Dieses Buch ist kein Krimi, wie ich sie sonst bisher gelesen habe denn dieses Buch spielt sehr gekonnt mit Klischees, ohne sie unbedingt zu bestätigen. Die ganze Handlung ist gewoben um das zutriefst destruktive Verhalten Sven Borkes' und überrascht mit einigen Wendungen, die für mich nicht zu erwarten waren. Besonders wenn es um SM-Machtspiele geht werden hier zwar oft Klischees bedient, die dem Leser unweigerlich in den Sinn kommen, es wird aber auch eine andere Seite dieser Szene aufgezeigt und das macht das Ganze nicht abgedroschen sondern authentisch.

 So funktionierte die Etikettier-Maschinerie von Gesellschaft und Medien. es war so erschreckend leicht, einen perversen Mörder in die Ungeheuer-Ecke zu stellen. Mit dem Entzug der Menschlichkeit vergewisserte man sich,d ass man selbst weit davon entfernt war, etwas Unmenschliches zu tun. - Seite 60

Die Spannung steigerte sich im Verlauf des Buchs und ich tappte im Dunklen was den Mörder angeht. Es werden einige falsche Fährten gelegt und dennoch ist die Auflösung des Ganzen in meinen Augen plausibel und gut konstruiert.
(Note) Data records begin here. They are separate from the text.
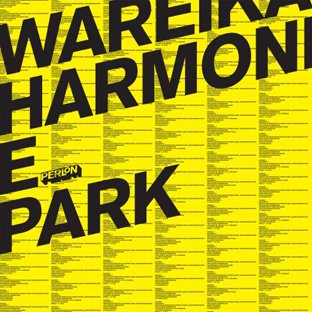 image cover: Wareika – Harmonie Park [PERL081]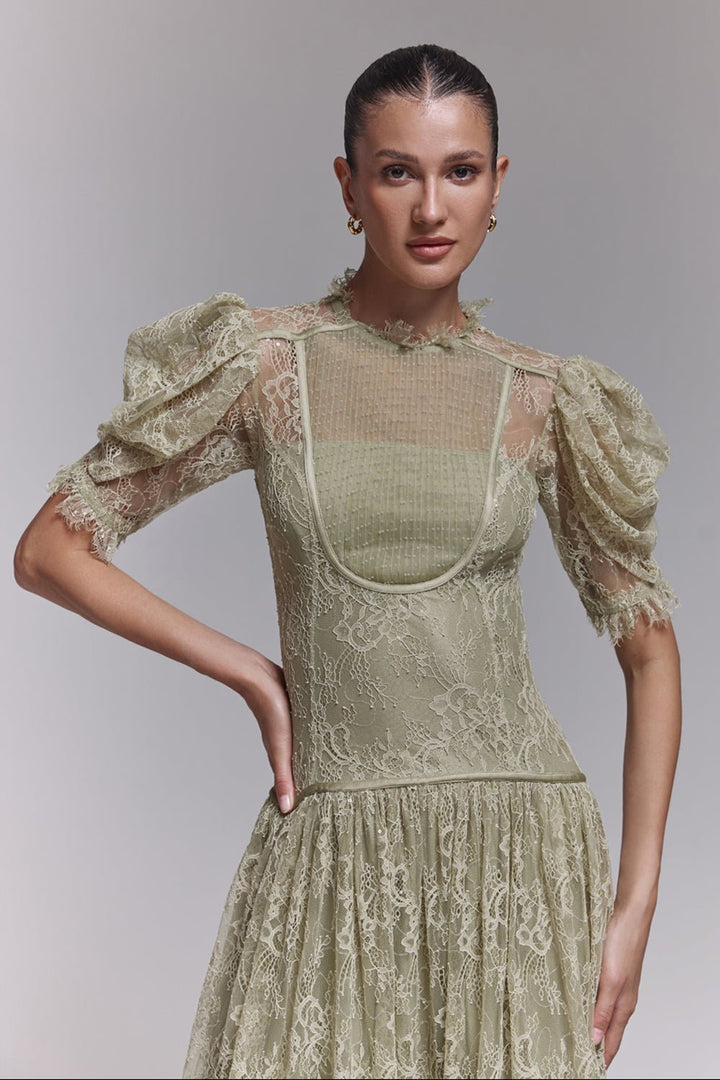 Liliana Dress - Zabella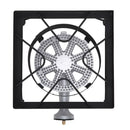 ZOKOP EW31-54 Single Head Outdoor Furnace 20W BTU with 1.2M Leather Tube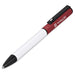 Stanza Ball Pen RED - Metal Pens,Ideas for Conferences,Ideas Work,Writing Instruments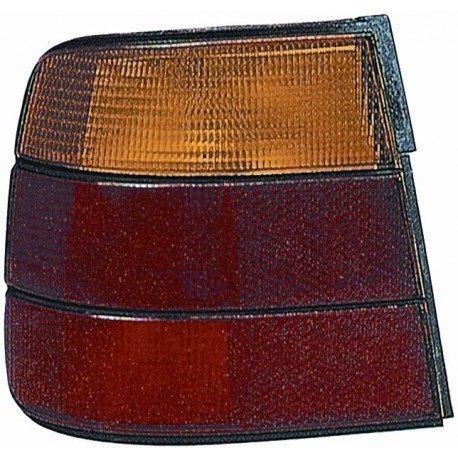 Gruppo ottico posteriore esterno arancio rosso modelli berlina lato sx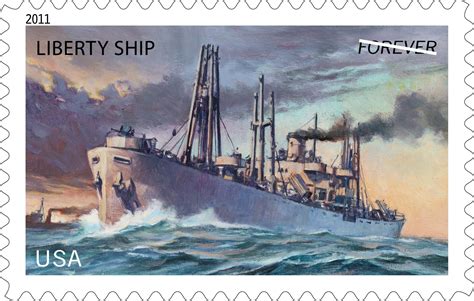 Wwii Liberty Ships
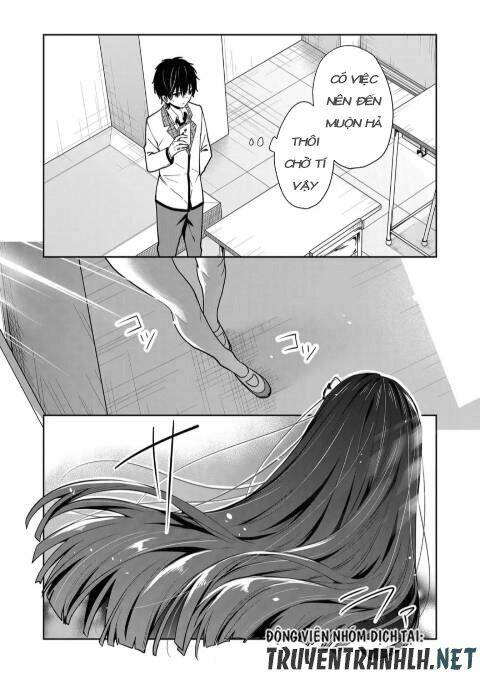 Kononaka Ni Hitori, Ore No Yome Ga Iru Chương 2 Ảnh 10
"Wir waren nie einem schlecht gebautem Boot ausgeliefert. Sondern dem Ozean." - Seite 3

"Weißt du, bei der Scham ist man nie sicher, ob sie einem selbst gehört. Oder ob man sie von jemand anderem übernommen hat. Wenn sich ein anderer an deiner Stelle so sehr für dich schämt, dann ist es wie ein Virus, der überspringt." - Seite 487

Die Rückblenden in eine kaputte Familienvergangenheit, die eine junge Frau komplett zerstört hat, fand ich sehr passend und erschreckend. Nach und nach lernt man eine Frau besser kennen, deren Identität sehr lange verdeckt bleibt. Mein Verdacht, um wen es sich hierbei handeln könnte, wurde dabei nicht bestätigt und ich habe erst sehr spät durchschaut, um wen es sich hierbei handelt.

"Familie?", erwiederte sie höflich. "Sie meinen diese Gemeinschaft von blutsverwandten oder sich liebenden Wesen, die alles daran setzen, dass die nächste Generation zu lebensfähigen, gesunden Menschen heranwächst?" - Seite 379

Die wichtigsten Charaktere sind sehr fein herausgearbeitet und ich finde es sehr gut, dass man über alle Hintergründe viel erfährt. Es blieben mir keine offenen Fragen und ich fand alle Charaktere sehr schlüssig und in sich stimmig. Hierbei liegt vor allem der Fokus auf Hanna Mantolf und ihre dunkle Vergangenheit, die Parallelen zur aktuellen Ermittlung aufweist. Aber auch Tom Krohnes Persönlichkeit wurde für mich sehr glaubhaft gezeichnet.

Irgendeine böse Stimme sagte ihm, dass sie auf einem Gräberfeld Schnitzeljagd spielten. - Seite 100

Was ist das für ein Leben, sich ständig zu kontrollieren und einen Deckel über die innere Giftküche zu halten, die brodelt und brodelt? - Seite 337
 
Das Thema hinter "Todestrieb" fand ich insgesamt sehr gut umgesetzt und ich habe bisher nichts vergleichbares gelesen. Der einzige Wehrmutstropfen war für mich, dass einige wenige Passagen, wo Hintergründe erklärt wurden, scheinbar eins zu eins aus Wikipedia oder einem ähnlichen Lexikon kopiert wurden. Das fiel mir in meiner kurzen Recherche direkt auf und sowas sollte in meinen Augen eigentlich vermieden werden. Ich bin zuerst davon ausgegangen, dass das eventuell durch die Übersetzung kommen könnte, die Autorin ist jedoch aus Deutschland, weswegen ich für diesen Kritikpunkt einen Stern in meiner Wertung abziehe.

Das Buch hat mich aber wirklich positiv überrascht und deswegen ist es nur fair 4 von 5 Sternen zu vergeben. Ist aber mit Sicherheit nicht jedermanns Geschmack!